MicroRNAs in acute aortic dissection
Editorial

MicroRNAs in acute aortic dissection

Eftihia Sbarouni, Panagiota Georgiadou

Division of Interventional Cardiology, Onassis Cardiac Surgery Center, Athens, Greece

Correspondence to: Panagiota Georgiadou, MD. Division of Interventional Cardiology, Onassis Cardiac Surgery Center, 356 Syngrou Avenue, 176 74 Athens, Greece. Email: georgiadou@ocsc.gr.

Provenance: This is an invited Editorial commissioned by the Section Editor Lei Zhang (Department of Vascular Surgery, Changhai Hospital, Second Military Medical University, Shanghai, China).
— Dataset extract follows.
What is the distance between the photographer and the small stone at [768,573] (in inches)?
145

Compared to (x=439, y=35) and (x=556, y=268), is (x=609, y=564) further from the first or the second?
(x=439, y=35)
Comment on: Dong J, Bao J, Feng R, et al. Circulating microRNAs: a novel potential biomarker for diagnosing acute aortic dissection. Sci Rep 2017;7:12784.


Submitted Jan 29, 2018. Accepted for publication Feb 09, 2018.

doi: 10.21037/jtd.2018.03.27


Acute thoracic aortic dissection is a medical emergency and missed or delayed diagnosis or treatment is associated with high mortality. Upon presentation, a combination of predisposing factors, symptoms and signs are used to triage patients with appropriate clinical syndrome into low, intermediate and high detection risk (1). Low risk patients do not proceed to diagnostic imaging but may still have the disease. In this group, a sensitive and specific marker would improve diagnosis and subsequent treatment. Furthermore, in known aortic aneurysms, initial medical management to delay progression is the current approach, followed by surgery when diameter exceeds 5.5 cm. Dissection, however, may occur at smaller diameters, implying that biomarkers for risk assessment and therapeutic targeting are clearly needed.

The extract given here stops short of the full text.